* Exercise *
Give back the material that follows, identical in every line.
#####
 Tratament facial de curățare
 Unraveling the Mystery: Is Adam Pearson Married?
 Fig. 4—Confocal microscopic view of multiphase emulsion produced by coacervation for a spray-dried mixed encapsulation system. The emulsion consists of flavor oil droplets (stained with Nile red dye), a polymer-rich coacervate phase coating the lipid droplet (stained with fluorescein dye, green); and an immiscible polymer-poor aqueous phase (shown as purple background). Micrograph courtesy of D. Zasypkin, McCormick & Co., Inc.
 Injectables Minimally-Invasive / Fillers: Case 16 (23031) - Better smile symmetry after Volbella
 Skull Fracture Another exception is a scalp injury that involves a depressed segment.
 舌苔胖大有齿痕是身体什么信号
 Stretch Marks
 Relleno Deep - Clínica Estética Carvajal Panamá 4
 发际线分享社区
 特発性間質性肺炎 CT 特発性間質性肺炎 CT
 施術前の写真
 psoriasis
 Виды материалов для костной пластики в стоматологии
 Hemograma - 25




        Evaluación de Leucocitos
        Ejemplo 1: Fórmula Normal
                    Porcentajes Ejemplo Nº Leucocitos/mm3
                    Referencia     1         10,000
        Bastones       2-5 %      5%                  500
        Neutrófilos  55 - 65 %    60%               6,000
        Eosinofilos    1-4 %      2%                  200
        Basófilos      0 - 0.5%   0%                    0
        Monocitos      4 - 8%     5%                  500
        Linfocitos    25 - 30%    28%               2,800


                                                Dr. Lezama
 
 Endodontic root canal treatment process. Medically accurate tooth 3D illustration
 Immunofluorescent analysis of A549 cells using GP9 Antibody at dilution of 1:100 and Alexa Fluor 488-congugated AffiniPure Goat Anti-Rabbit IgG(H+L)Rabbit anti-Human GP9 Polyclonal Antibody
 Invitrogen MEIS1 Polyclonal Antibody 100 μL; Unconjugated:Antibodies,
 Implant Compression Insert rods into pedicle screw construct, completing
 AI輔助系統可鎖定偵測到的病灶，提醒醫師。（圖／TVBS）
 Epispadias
#####
* Answer *
 Tratament facial de curățare
 Unraveling the Mystery: Is Adam Pearson Married?
 Fig. 4—Confocal microscopic view of multiphase emulsion produced by coacervation for a spray-dried mixed encapsulation system. The emulsion consists of flavor oil droplets (stained with Nile red dye), a polymer-rich coacervate phase coating the lipid droplet (stained with fluorescein dye, green); and an immiscible polymer-poor aqueous phase (shown as purple background). Micrograph courtesy of D. Zasypkin, McCormick & Co., Inc.
 Injectables Minimally-Invasive / Fillers: Case 16 (23031) - Better smile symmetry after Volbella
 Skull Fracture Another exception is a scalp injury that involves a depressed segment.
 舌苔胖大有齿痕是身体什么信号
 Stretch Marks
 Relleno Deep - Clínica Estética Carvajal Panamá 4
 发际线分享社区
 特発性間質性肺炎 CT 特発性間質性肺炎 CT
 施術前の写真
 psoriasis
 Виды материалов для костной пластики в стоматологии
 Hemograma - 25




        Evaluación de Leucocitos
        Ejemplo 1: Fórmula Normal
                    Porcentajes Ejemplo Nº Leucocitos/mm3
                    Referencia     1         10,000
        Bastones       2-5 %      5%                  500
        Neutrófilos  55 - 65 %    60%               6,000
        Eosinofilos    1-4 %      2%                  200
        Basófilos      0 - 0.5%   0%                    0
        Monocitos      4 - 8%     5%                  500
        Linfocitos    25 - 30%    28%               2,800


                                                Dr. Lezama
 
 Endodontic root canal treatment process. Medically accurate tooth 3D illustration
 Immunofluorescent analysis of A549 cells using GP9 Antibody at dilution of 1:100 and Alexa Fluor 488-congugated AffiniPure Goat Anti-Rabbit IgG(H+L)Rabbit anti-Human GP9 Polyclonal Antibody
 Invitrogen MEIS1 Polyclonal Antibody 100 μL; Unconjugated:Antibodies,
 Implant Compression Insert rods into pedicle screw construct, completing
 AI輔助系統可鎖定偵測到的病灶，提醒醫師。（圖／TVBS）
 Epispadias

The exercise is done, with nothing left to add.